**Task prompt**.
The data below should be printed in full, exactly, and without any of its images.

**Data below**.
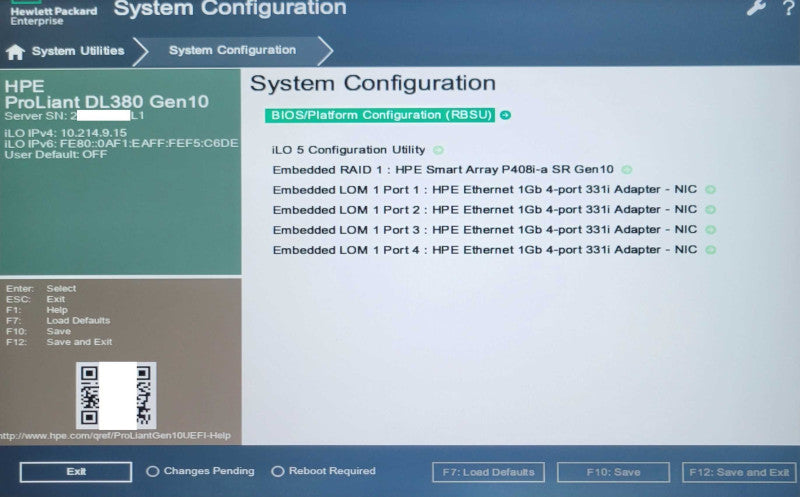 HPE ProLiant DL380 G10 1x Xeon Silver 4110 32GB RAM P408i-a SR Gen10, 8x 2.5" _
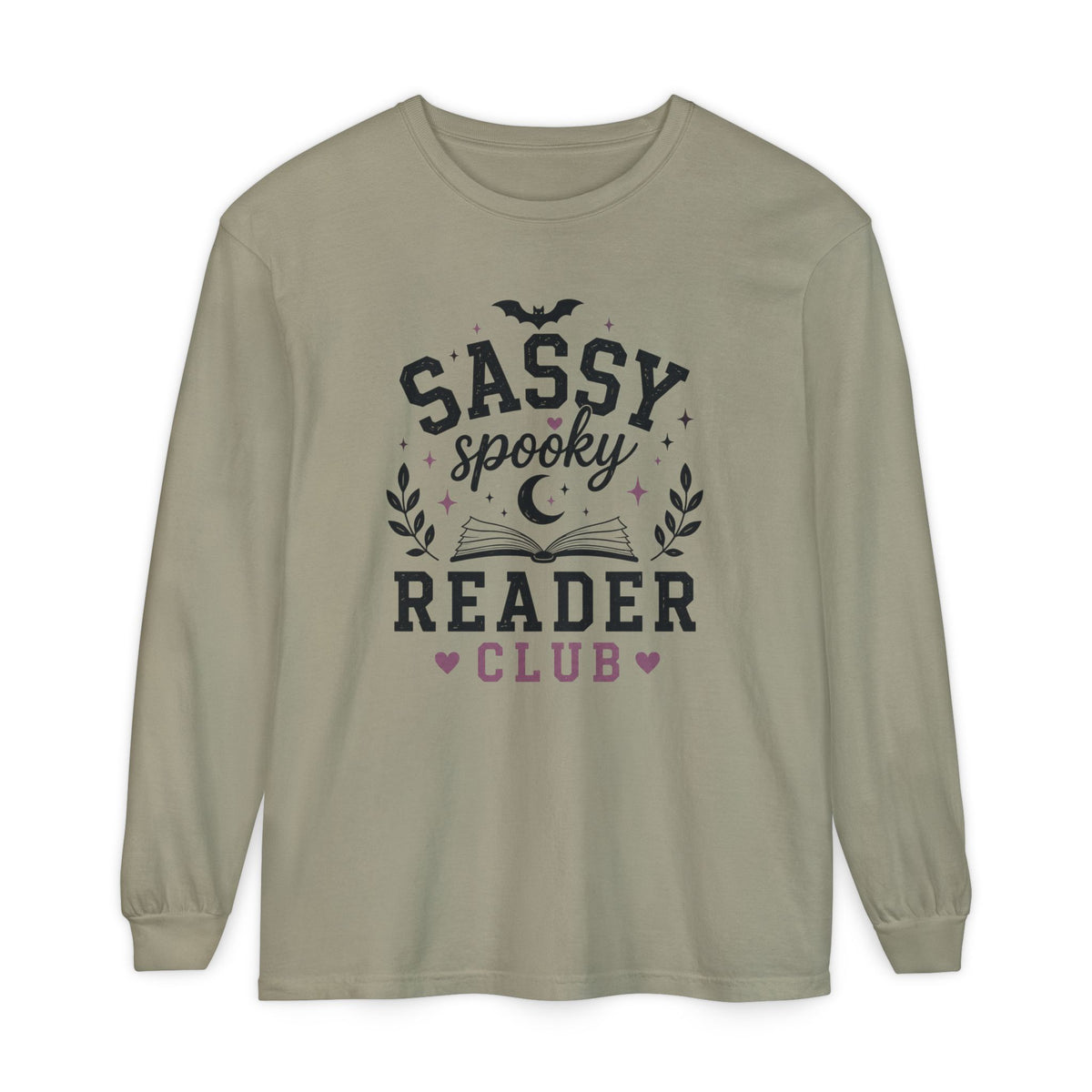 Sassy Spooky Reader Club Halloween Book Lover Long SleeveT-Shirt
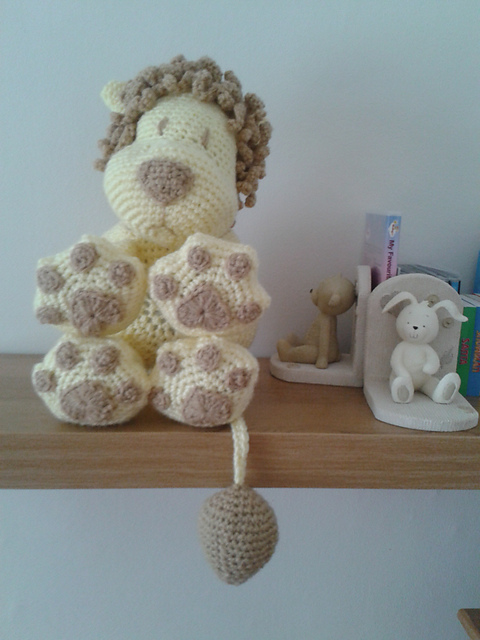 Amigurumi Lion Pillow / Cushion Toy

**Result of this exercise**.
 HPE ProLiant DL380 G10 1x Xeon Silver 4110 32GB RAM P408i-a SR Gen10, 8x 2.5" _
 Sassy Spooky Reader Club Halloween Book Lover Long SleeveT-Shirt
 Amigurumi Lion Pillow / Cushion Toy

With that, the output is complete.